[WHAT YOU ARE ASKED TO DO]
There is one span to output from the data below: the lines starting at the line with "Gold Present Holiday Candle Holders" and ending at the line with "У Львові пів". Output it exactly, ends included, nothing more.

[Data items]
■ ■ ■ ■ ■

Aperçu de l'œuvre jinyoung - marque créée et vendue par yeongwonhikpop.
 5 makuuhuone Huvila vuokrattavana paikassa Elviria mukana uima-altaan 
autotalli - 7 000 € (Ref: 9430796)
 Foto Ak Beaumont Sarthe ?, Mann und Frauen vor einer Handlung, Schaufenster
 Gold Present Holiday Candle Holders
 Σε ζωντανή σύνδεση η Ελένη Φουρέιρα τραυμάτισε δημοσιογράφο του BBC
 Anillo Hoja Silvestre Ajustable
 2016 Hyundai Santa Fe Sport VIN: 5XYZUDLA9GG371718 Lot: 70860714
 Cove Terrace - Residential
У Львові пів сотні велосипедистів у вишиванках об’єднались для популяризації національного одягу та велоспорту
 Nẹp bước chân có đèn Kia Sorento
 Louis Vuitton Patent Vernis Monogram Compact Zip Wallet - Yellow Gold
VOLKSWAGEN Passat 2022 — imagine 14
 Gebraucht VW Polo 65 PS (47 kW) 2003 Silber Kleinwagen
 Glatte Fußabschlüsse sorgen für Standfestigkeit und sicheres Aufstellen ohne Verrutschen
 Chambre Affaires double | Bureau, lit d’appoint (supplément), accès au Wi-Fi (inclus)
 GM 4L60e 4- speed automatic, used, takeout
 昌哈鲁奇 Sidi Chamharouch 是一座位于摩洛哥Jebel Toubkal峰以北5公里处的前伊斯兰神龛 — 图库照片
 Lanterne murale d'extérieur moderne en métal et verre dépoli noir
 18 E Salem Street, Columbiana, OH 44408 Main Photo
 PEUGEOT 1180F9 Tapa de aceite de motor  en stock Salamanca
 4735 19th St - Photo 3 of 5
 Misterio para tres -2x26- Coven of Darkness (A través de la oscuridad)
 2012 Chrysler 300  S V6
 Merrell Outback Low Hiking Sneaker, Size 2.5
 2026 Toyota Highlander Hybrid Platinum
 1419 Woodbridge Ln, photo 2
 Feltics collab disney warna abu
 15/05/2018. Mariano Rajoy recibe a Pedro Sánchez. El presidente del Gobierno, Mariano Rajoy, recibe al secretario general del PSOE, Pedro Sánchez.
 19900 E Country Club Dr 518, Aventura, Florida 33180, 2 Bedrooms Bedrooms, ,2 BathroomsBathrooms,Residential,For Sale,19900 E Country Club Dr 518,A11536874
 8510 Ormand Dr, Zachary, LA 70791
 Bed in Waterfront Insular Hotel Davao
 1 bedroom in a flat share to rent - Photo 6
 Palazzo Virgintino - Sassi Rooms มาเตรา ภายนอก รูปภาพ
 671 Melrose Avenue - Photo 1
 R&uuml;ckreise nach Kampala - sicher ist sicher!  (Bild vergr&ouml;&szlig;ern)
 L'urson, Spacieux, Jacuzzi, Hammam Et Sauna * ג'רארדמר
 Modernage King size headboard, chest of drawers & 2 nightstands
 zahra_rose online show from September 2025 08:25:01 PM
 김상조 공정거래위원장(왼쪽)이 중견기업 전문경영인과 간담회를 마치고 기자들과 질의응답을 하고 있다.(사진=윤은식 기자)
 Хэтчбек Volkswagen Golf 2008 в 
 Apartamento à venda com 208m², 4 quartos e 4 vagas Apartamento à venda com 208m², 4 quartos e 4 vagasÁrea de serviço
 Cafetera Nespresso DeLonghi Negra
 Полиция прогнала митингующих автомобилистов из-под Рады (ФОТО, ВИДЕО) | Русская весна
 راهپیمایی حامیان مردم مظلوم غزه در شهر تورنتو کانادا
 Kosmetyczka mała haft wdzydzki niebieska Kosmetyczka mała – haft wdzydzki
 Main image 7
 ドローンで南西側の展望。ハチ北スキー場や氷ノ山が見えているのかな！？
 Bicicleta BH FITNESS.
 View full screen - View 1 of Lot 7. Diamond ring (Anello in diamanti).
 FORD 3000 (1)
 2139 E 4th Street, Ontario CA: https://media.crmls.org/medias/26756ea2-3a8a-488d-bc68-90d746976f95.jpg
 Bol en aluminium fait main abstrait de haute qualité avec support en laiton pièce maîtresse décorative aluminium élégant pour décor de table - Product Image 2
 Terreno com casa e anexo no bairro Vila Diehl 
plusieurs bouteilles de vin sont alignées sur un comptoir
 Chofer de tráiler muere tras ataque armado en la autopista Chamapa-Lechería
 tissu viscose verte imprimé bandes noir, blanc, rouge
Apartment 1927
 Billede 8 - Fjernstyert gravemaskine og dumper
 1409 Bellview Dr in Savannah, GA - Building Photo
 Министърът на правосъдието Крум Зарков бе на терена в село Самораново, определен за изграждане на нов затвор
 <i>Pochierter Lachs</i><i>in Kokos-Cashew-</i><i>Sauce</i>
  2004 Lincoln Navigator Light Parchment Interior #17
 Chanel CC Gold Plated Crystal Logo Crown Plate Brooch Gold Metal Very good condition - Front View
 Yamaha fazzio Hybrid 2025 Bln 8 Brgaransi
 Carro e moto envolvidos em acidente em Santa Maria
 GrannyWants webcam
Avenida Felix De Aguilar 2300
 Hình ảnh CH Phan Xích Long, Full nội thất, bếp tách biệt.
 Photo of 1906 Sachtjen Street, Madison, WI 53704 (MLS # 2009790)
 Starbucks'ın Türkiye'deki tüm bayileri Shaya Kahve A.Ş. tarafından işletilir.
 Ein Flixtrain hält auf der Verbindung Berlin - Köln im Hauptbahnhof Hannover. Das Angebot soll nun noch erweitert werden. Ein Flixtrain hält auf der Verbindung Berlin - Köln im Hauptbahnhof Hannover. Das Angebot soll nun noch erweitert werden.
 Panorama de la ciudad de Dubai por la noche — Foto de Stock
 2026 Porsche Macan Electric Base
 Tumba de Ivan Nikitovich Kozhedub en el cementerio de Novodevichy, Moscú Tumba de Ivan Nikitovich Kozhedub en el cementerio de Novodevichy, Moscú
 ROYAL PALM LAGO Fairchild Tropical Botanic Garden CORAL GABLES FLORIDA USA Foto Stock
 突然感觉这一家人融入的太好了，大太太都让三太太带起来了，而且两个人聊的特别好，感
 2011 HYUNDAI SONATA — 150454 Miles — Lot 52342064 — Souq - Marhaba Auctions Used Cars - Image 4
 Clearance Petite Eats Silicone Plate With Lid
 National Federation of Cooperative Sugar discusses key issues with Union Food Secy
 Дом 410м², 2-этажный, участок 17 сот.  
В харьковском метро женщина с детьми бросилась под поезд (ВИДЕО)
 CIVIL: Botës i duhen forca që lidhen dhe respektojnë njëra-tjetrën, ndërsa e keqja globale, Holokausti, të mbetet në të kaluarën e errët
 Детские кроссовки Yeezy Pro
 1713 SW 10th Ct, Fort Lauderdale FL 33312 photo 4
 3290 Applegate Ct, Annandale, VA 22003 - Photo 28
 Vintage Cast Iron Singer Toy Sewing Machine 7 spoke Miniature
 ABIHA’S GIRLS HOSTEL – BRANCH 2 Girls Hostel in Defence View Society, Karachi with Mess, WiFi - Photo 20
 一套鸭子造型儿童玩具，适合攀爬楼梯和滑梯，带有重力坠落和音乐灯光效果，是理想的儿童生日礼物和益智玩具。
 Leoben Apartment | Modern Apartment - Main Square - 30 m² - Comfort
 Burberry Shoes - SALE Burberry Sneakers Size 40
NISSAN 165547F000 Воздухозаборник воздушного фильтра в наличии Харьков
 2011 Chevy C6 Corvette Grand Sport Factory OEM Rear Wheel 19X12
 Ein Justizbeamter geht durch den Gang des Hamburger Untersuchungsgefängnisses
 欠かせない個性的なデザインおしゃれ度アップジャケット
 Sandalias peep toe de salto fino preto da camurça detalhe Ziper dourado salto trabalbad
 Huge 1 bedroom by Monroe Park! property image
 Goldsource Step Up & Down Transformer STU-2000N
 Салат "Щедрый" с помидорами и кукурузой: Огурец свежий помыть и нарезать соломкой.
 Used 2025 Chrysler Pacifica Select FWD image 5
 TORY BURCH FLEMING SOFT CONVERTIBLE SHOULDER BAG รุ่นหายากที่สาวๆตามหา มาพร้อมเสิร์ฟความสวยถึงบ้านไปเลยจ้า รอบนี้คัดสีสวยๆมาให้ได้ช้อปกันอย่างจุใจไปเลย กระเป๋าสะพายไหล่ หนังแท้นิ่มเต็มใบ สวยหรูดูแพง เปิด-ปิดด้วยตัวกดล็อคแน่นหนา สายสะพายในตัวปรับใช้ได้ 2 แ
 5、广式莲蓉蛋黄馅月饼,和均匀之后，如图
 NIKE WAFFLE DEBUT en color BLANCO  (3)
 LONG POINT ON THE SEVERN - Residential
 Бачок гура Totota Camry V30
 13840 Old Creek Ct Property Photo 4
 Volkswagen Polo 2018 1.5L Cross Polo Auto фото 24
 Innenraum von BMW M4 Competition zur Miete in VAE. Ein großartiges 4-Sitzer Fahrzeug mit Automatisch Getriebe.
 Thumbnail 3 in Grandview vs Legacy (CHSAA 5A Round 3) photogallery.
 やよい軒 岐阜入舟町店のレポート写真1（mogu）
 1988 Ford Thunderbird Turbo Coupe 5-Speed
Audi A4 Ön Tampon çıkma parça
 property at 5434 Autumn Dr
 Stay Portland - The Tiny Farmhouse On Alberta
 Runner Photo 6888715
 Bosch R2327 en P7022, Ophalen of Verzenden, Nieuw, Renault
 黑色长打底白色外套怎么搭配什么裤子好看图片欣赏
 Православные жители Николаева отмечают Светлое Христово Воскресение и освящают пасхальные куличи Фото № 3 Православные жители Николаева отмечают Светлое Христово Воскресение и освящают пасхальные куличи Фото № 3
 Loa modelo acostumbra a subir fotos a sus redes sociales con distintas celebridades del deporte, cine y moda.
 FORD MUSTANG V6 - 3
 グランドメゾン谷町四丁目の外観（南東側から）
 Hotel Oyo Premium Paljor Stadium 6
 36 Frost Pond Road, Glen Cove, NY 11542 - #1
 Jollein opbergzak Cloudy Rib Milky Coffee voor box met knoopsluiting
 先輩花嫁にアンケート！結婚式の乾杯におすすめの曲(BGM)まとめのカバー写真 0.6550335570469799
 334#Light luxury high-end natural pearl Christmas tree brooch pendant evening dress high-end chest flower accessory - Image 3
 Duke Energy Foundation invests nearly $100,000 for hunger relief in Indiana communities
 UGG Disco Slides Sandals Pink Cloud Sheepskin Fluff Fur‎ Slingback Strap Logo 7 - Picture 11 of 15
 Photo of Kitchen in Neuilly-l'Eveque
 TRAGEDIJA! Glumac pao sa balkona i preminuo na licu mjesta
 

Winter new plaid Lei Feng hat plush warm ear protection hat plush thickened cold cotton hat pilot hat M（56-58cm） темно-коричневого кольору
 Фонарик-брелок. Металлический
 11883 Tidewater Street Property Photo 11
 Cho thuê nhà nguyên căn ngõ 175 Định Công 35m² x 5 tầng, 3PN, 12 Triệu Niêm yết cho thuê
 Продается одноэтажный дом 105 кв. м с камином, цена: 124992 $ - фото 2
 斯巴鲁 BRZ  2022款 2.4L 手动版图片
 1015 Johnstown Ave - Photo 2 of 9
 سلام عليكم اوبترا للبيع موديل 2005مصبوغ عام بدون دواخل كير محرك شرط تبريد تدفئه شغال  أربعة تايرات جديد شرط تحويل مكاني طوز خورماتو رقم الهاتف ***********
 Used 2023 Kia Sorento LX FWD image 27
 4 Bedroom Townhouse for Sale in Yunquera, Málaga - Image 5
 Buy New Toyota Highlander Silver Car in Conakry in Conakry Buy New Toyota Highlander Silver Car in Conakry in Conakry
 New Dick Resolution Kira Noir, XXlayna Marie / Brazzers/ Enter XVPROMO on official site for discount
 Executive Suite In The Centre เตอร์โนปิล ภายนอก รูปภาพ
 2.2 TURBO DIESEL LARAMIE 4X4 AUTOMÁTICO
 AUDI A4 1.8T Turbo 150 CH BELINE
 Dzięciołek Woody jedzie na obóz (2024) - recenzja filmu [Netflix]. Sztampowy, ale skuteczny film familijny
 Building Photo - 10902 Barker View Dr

■ ■ ■ ■ ■

[REPLY TO THE EXERCISE]
 Gold Present Holiday Candle Holders
 Σε ζωντανή σύνδεση η Ελένη Φουρέιρα τραυμάτισε δημοσιογράφο του BBC
 Anillo Hoja Silvestre Ajustable
 2016 Hyundai Santa Fe Sport VIN: 5XYZUDLA9GG371718 Lot: 70860714
 Cove Terrace - Residential
У Львові пів сотні велосипедистів у вишиванках об’єднались для популяризації національного одягу та велоспорту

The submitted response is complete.